For patients and families who end up in situations where their wishes are not being fully considered, there’s often little they can do, he says.

“The patient and the family may feel like they are trapped in the system. They have to rely on landing in the right spot initially. It can be very hard to navigate in the middle of a situation.”
Dr. Howard Brody, a medical ethicist and director of the Institute for the Medical Humanities at the University of Texas in Galveston stated that he believes these situations are often related to poor communication. He stated:
“If something is done that is in some way surreptitious or behind the scenes, of course that’s going to destroy any possibility for family trust in the physician and demolish any option for communication. I don’t think that’s a defensible kind of strategy.

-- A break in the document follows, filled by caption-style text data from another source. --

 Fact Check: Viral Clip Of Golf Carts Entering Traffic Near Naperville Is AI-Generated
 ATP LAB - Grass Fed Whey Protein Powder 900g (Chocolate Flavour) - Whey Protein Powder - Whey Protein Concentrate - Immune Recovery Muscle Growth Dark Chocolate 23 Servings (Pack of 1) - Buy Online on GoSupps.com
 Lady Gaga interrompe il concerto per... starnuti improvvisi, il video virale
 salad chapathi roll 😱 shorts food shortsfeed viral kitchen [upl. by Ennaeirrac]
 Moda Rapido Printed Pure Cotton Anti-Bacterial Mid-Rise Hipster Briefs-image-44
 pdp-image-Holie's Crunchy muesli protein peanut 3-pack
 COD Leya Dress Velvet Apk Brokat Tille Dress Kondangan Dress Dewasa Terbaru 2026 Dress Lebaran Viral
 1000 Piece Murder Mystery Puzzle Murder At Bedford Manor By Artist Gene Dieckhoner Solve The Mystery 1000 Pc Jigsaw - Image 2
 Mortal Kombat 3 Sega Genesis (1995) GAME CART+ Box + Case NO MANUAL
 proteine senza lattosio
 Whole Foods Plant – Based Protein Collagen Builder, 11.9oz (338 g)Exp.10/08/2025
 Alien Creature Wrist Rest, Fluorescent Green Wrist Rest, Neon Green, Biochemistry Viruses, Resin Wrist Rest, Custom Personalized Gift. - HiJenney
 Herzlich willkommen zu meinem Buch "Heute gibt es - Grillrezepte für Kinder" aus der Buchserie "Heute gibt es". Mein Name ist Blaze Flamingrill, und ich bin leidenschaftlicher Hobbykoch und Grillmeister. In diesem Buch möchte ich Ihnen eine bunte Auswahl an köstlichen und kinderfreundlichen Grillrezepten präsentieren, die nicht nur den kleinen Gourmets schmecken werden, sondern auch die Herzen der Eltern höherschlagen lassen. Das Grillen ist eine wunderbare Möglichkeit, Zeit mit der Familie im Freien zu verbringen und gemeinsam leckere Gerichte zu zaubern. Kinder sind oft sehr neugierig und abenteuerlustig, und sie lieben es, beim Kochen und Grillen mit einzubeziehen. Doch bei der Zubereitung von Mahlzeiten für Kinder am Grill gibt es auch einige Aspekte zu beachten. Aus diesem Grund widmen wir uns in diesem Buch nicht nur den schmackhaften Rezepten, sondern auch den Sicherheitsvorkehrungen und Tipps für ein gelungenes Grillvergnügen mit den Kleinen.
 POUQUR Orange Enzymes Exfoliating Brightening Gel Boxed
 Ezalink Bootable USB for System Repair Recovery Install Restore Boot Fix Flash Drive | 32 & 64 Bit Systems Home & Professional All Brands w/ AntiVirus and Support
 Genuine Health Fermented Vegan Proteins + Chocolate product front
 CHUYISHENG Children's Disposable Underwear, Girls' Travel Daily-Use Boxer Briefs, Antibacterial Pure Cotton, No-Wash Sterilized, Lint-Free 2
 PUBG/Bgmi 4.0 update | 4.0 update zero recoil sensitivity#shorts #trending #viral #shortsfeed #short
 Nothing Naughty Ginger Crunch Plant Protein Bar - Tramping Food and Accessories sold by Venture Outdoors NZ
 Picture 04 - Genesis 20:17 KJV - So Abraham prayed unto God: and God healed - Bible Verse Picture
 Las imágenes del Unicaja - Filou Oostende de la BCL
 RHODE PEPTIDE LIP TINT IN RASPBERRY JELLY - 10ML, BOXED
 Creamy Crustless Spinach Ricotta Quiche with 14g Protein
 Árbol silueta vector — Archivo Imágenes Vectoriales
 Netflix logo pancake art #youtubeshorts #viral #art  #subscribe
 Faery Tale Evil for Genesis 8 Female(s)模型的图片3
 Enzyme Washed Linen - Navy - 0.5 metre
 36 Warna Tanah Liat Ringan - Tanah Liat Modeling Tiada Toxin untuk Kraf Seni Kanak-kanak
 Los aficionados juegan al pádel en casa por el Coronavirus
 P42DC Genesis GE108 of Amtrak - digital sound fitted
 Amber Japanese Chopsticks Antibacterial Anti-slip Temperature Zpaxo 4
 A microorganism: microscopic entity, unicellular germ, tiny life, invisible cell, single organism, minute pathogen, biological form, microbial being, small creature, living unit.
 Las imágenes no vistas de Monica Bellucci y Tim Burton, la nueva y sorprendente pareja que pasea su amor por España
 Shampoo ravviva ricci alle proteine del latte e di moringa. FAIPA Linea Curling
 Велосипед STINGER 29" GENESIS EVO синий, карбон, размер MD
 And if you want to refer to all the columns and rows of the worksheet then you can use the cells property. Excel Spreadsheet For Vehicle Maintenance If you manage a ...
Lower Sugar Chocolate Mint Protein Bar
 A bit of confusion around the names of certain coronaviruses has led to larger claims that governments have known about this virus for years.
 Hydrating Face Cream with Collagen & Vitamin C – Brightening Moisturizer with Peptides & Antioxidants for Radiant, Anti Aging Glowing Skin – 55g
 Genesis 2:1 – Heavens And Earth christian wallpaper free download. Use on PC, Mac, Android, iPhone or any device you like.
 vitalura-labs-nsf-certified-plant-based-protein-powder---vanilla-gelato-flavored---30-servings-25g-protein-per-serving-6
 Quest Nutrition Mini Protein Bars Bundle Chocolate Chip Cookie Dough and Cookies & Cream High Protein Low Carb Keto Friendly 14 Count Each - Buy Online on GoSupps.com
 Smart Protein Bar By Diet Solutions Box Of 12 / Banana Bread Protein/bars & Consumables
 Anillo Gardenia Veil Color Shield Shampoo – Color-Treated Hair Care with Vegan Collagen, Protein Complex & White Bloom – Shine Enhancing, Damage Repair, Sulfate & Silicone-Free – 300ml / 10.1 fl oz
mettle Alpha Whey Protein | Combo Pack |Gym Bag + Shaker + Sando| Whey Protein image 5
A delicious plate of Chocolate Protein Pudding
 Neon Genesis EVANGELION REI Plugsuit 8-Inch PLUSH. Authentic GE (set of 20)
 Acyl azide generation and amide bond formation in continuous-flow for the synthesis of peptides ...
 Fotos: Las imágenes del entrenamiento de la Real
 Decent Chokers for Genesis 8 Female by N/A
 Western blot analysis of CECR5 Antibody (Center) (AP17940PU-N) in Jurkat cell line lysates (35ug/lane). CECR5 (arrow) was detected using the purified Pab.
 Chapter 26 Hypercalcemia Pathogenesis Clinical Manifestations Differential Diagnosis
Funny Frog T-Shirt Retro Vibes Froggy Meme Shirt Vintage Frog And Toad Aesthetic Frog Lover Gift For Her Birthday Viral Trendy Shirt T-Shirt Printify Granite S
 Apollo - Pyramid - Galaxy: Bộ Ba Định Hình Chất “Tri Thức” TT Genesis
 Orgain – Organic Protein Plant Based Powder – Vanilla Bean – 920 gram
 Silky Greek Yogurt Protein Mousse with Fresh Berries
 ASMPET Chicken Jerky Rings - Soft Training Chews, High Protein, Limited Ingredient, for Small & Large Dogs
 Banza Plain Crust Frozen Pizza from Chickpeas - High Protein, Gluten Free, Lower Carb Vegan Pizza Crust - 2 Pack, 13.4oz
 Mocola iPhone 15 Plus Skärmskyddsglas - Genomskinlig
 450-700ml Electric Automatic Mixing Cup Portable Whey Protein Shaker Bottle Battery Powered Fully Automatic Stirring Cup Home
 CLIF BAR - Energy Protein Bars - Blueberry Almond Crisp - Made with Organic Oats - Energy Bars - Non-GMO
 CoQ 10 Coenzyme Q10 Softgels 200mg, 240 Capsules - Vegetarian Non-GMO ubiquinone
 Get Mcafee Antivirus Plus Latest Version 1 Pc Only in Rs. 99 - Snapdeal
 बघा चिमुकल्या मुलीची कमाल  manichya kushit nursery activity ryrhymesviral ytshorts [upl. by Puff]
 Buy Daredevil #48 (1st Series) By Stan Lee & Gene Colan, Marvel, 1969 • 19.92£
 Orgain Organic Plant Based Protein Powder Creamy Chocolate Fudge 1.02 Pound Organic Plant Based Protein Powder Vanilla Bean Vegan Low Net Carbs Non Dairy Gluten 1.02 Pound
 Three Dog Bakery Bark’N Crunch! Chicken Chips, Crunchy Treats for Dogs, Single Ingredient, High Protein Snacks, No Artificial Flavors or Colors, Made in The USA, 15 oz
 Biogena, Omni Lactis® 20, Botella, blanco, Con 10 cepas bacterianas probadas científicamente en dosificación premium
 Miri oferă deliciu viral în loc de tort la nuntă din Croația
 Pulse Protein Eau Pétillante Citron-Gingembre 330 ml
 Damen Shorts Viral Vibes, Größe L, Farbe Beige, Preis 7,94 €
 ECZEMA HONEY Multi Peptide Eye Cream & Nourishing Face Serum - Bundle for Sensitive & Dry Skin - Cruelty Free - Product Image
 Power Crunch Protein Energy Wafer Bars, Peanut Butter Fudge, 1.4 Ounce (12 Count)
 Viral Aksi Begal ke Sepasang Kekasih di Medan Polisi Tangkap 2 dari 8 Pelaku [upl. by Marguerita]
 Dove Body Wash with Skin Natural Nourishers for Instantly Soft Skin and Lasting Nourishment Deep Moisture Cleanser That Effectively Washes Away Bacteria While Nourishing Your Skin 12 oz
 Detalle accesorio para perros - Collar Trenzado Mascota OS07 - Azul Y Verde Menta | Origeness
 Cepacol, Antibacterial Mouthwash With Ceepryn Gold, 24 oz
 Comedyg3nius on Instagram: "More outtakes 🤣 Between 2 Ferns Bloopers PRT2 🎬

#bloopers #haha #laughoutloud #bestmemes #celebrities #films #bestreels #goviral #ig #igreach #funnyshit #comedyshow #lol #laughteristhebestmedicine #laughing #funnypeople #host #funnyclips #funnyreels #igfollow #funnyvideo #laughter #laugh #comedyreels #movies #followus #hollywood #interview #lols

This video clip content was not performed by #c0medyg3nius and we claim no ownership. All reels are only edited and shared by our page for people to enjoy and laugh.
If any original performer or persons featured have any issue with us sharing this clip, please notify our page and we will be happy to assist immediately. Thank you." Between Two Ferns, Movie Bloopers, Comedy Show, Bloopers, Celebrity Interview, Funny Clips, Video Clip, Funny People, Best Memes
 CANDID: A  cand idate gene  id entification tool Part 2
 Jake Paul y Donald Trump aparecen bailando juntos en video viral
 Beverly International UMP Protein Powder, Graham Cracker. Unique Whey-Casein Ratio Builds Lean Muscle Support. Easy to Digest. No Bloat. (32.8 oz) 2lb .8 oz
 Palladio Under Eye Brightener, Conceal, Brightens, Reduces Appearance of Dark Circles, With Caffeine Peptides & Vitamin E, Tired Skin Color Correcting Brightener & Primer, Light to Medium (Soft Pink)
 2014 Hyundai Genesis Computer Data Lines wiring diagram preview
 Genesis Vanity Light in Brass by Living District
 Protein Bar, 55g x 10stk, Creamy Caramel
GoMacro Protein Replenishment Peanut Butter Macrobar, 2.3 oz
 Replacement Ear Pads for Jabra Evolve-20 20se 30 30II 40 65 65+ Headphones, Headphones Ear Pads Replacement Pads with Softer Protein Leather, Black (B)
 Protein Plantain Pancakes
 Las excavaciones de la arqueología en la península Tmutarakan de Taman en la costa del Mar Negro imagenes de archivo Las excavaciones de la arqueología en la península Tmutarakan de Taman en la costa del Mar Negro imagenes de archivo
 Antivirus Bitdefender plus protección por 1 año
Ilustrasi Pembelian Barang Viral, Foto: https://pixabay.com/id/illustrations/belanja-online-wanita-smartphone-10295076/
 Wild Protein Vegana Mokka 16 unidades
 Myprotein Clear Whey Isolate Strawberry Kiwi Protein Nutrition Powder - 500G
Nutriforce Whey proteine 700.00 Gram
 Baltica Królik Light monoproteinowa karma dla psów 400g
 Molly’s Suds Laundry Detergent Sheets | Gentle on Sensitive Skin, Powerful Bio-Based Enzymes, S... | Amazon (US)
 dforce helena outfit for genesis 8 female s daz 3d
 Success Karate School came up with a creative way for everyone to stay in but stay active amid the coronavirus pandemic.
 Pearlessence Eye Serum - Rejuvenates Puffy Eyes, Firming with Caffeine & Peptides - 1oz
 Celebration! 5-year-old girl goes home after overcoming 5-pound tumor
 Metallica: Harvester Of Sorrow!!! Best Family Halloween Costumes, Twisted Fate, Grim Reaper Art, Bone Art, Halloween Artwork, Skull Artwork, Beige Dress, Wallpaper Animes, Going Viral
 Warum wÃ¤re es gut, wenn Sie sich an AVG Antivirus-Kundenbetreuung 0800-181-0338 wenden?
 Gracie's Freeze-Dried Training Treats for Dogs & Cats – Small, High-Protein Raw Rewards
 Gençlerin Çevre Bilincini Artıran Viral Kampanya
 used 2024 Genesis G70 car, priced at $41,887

Doctors who feel their professional integrity prevents them from following the patient’s or family’s wishes are ethically obliged to be upfront with the family."
Wawrzyniak said this was not the circumstance. Her concluding remarks were:
That never happened in the case of her father.

She says she filed a complaint with the Ontario College of Physicians and Surgeons that did not result in disciplinary action. The matter is currently under appeal, she says.

The 61-year-old says she understands her father was elderly and wouldn’t live forever. And she wouldn’t protest his death if reasonable steps had been made to help him, she says.

“I’m not unreasonable. But to cut him off because he was weak and needed help and support with his breathing? I couldn’t believe this was happening. He died before my eyes and they just stood there.”
The reality is that many bioethicists have redefined what is known as futile care. They have decided that even if a treatment is beneficial for a patient that if they have deemed the patient to be without benefit "not worth living" then they will remove all treatment, even if the treatment is better defined as basic care.

Futile care theory abandons the person, because their lives are deemed to expensive to preserve or not worthy of life.